→ **PROBLEM DESCRIPTION**: All lines from the opening of the material up to and including the line with "Graham - 2CCAU.G01A" should be transcribed exactly, pictures excepted.

→ **RECORDS PROVIDED**:
◆ ◆ ◆ ◆ ◆ ◆ ◆
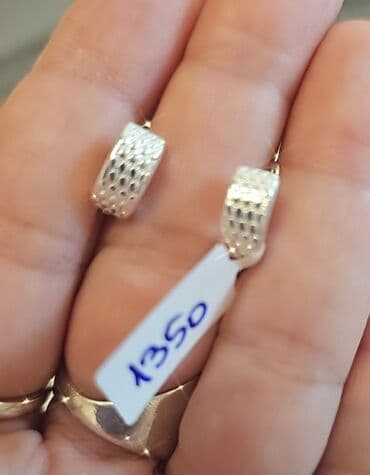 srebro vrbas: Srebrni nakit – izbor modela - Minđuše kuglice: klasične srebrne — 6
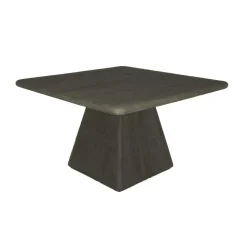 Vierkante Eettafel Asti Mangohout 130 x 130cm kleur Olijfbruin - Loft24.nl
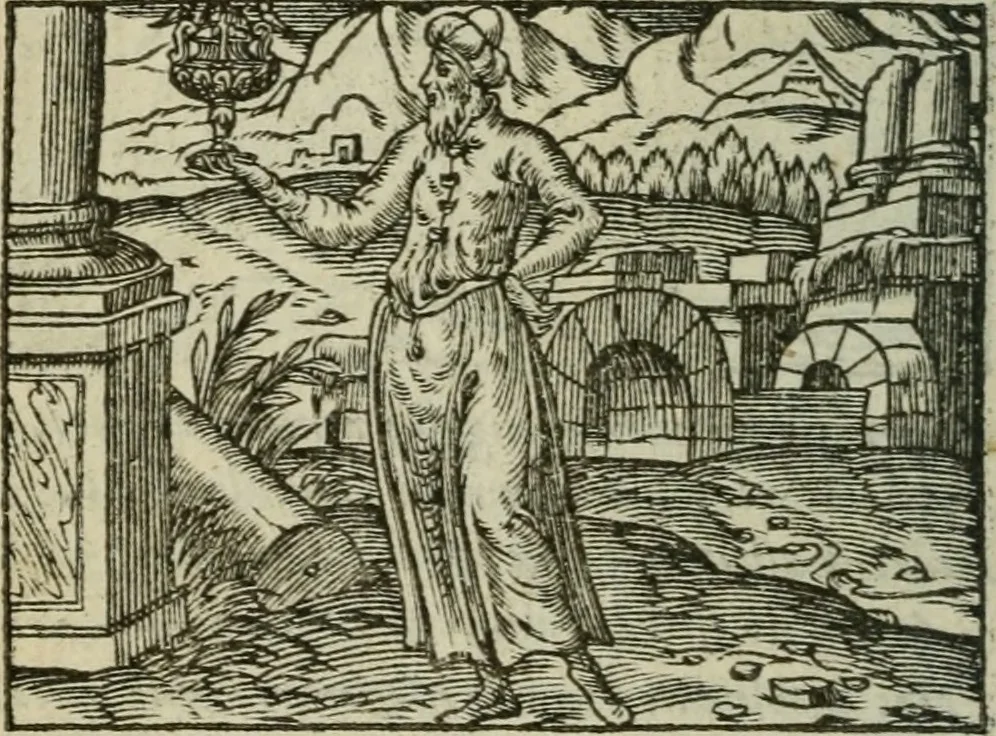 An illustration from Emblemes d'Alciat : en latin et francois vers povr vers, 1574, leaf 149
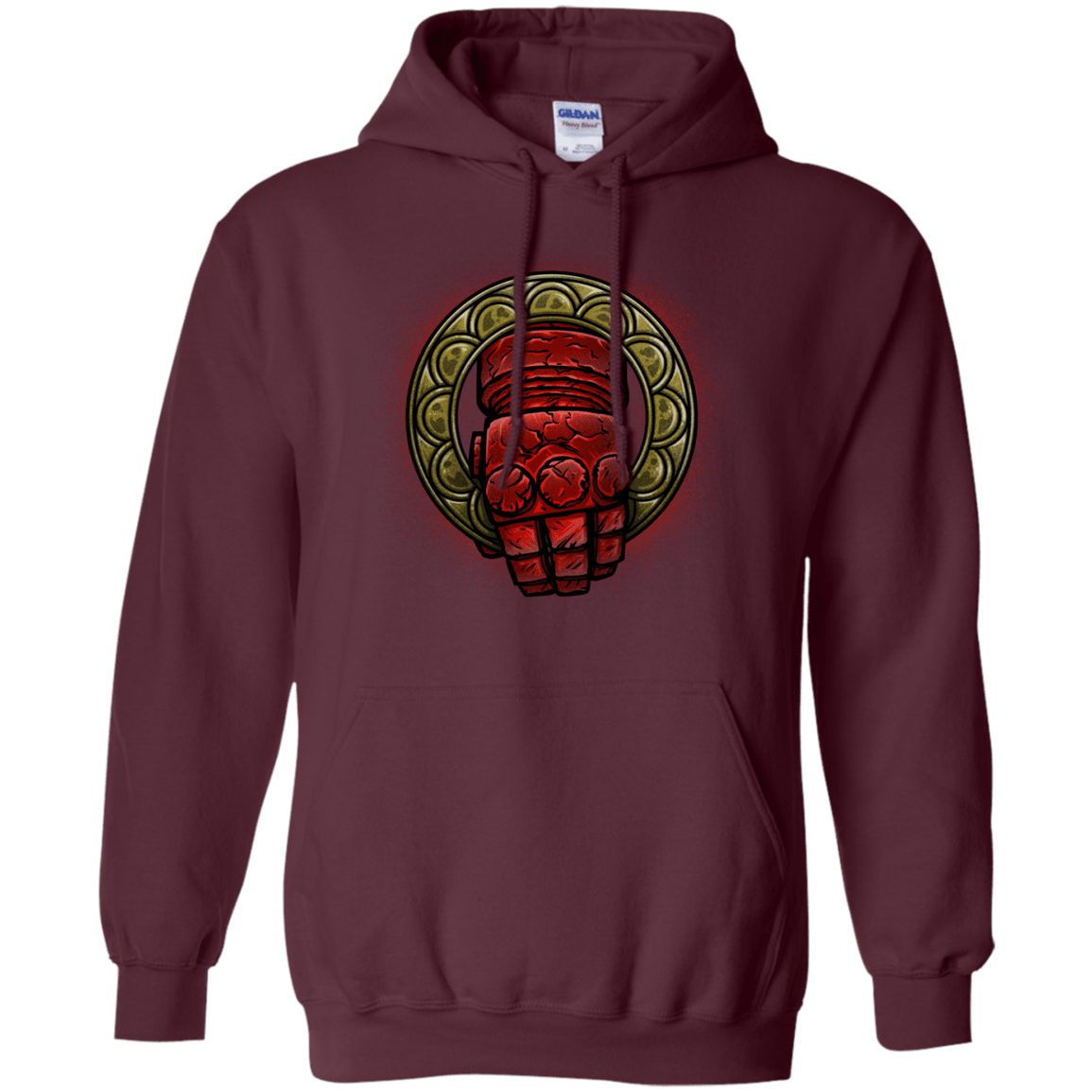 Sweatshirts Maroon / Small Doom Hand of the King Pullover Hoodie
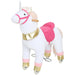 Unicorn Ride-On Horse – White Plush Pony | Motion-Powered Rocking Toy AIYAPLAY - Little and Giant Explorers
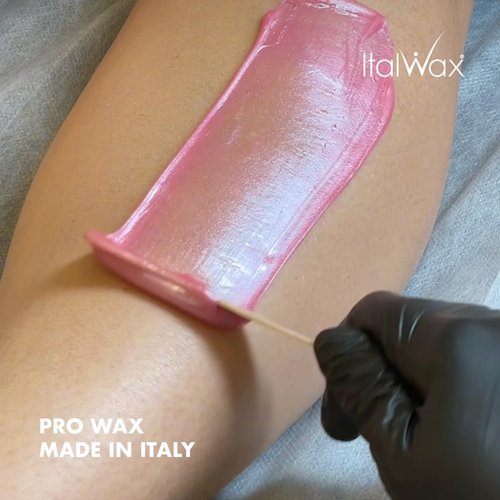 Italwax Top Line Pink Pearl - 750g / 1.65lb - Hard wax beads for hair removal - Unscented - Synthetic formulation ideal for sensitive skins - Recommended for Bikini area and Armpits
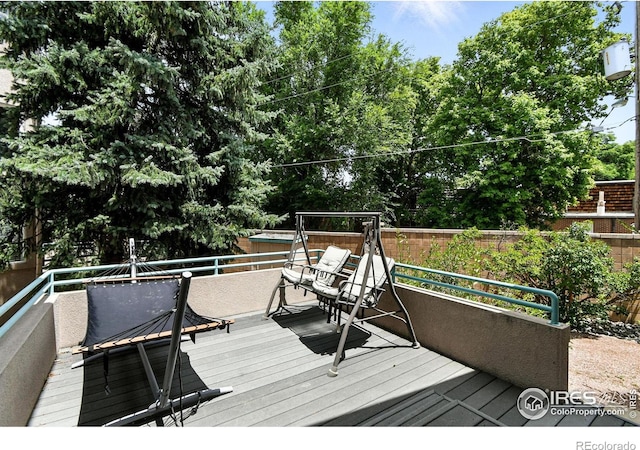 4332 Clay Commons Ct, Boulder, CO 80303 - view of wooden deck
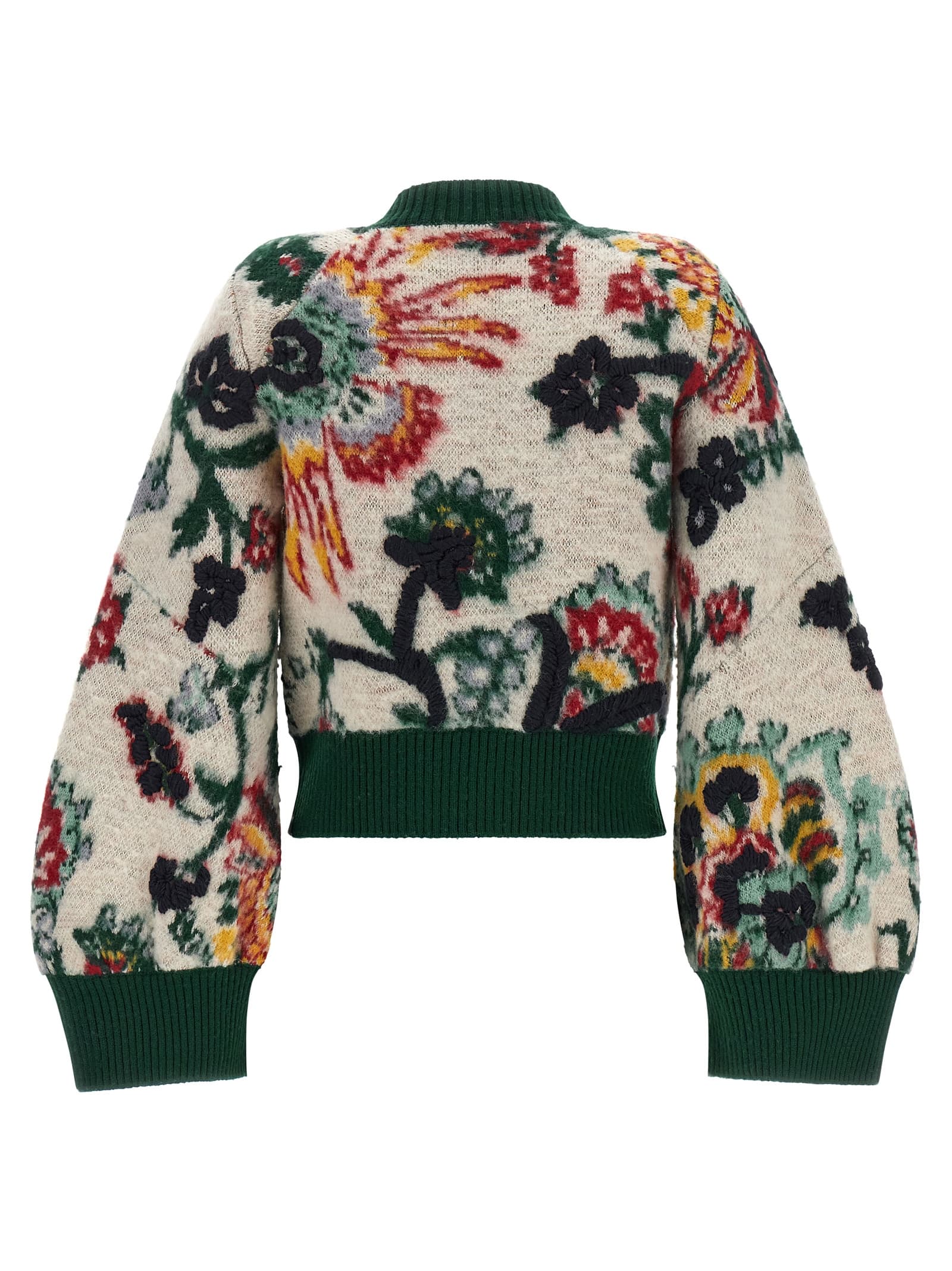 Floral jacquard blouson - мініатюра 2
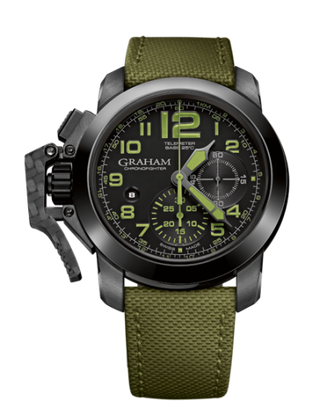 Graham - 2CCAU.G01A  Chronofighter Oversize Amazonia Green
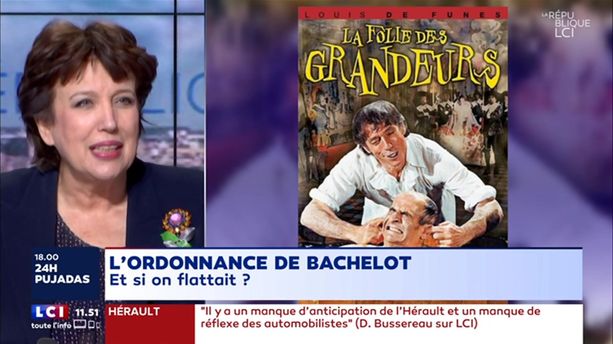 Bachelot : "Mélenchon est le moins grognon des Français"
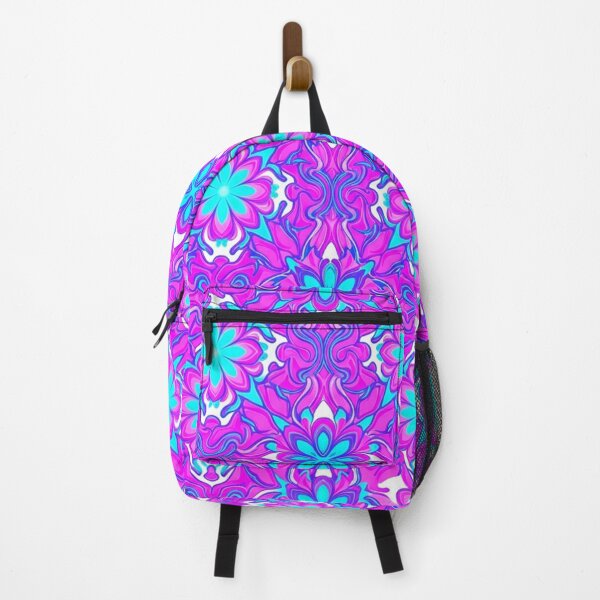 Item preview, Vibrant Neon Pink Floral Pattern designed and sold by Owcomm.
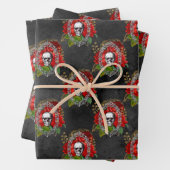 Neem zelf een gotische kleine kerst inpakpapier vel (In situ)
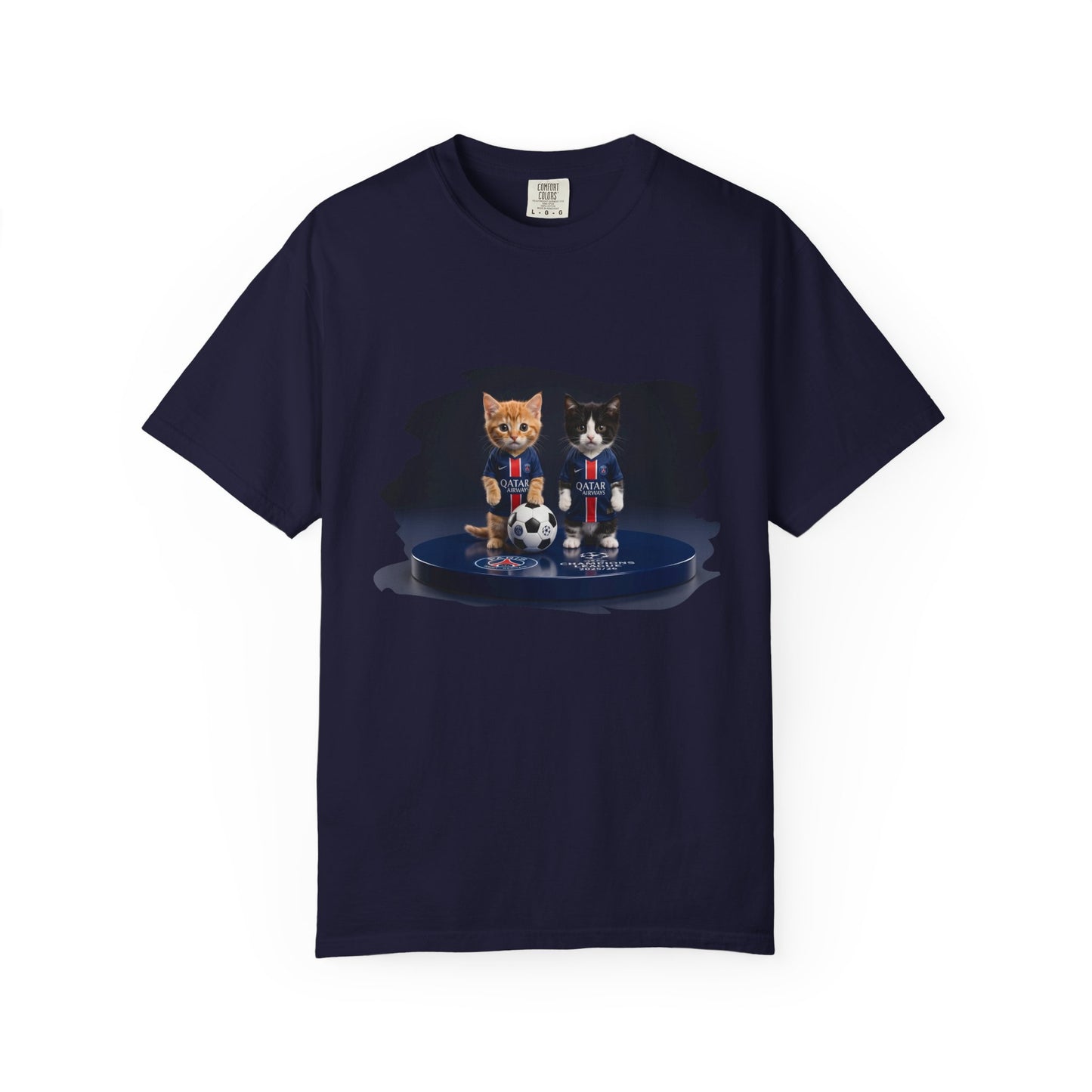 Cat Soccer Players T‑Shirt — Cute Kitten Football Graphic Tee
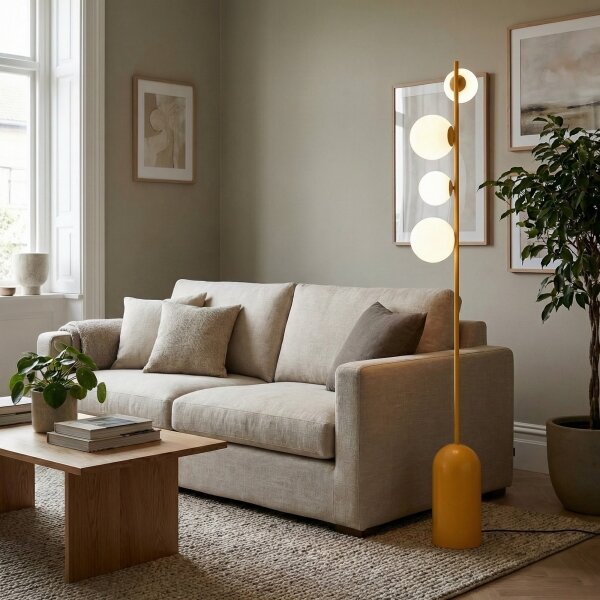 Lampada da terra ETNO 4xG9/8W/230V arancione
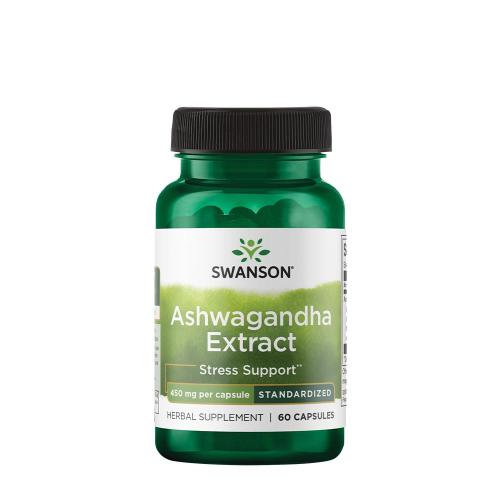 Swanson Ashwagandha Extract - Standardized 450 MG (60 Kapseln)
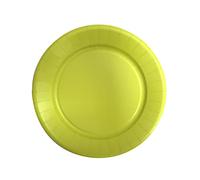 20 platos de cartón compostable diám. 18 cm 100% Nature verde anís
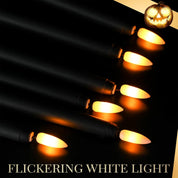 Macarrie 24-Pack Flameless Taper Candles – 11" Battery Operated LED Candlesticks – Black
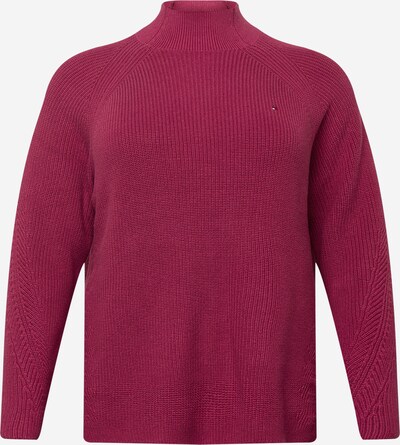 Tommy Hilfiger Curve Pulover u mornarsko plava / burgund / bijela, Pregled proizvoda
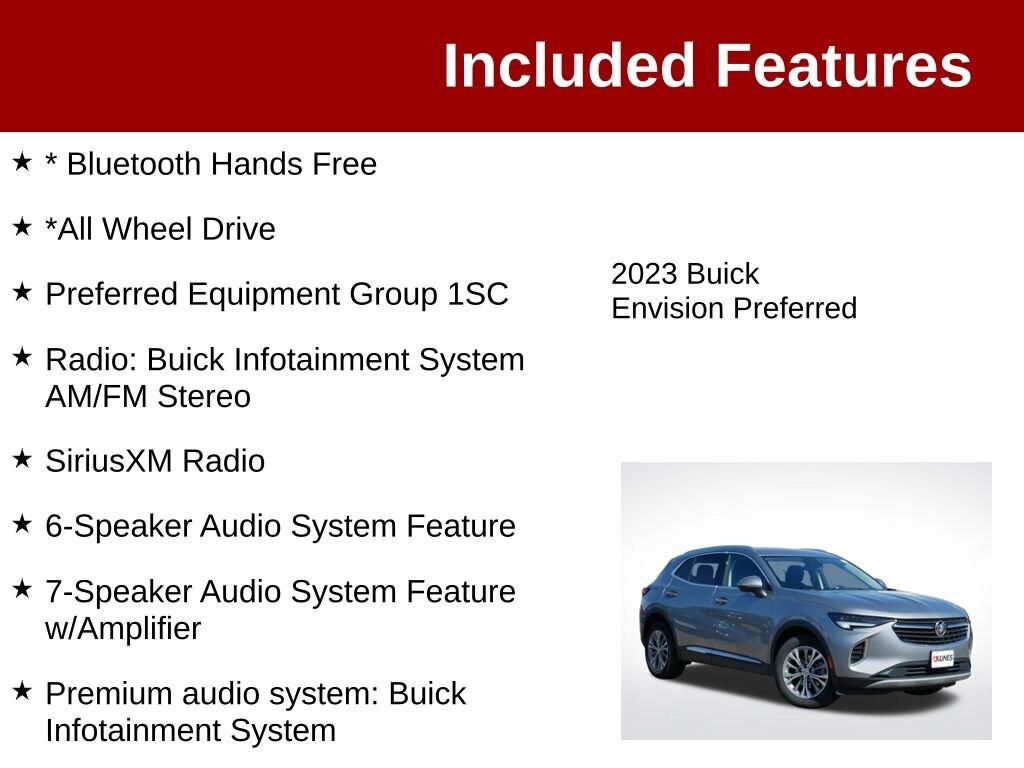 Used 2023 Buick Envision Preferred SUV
◆ ◆ ◆ ◆ ◆ ◆ ◆
→ **SOLUTION TO THIS PROBLEM**:
 srebro vrbas: Srebrni nakit – izbor modela - Minđuše kuglice: klasične srebrne — 6
 Vierkante Eettafel Asti Mangohout 130 x 130cm kleur Olijfbruin - Loft24.nl
 An illustration from Emblemes d'Alciat : en latin et francois vers povr vers, 1574, leaf 149
 Sweatshirts Maroon / Small Doom Hand of the King Pullover Hoodie
 Unicorn Ride-On Horse – White Plush Pony | Motion-Powered Rocking Toy AIYAPLAY - Little and Giant Explorers
 Italwax Top Line Pink Pearl - 750g / 1.65lb - Hard wax beads for hair removal - Unscented - Synthetic formulation ideal for sensitive skins - Recommended for Bikini area and Armpits
 4332 Clay Commons Ct, Boulder, CO 80303 - view of wooden deck
 Floral jacquard blouson - мініатюра 2
 Graham - 2CCAU.G01A  Chronofighter Oversize Amazonia Green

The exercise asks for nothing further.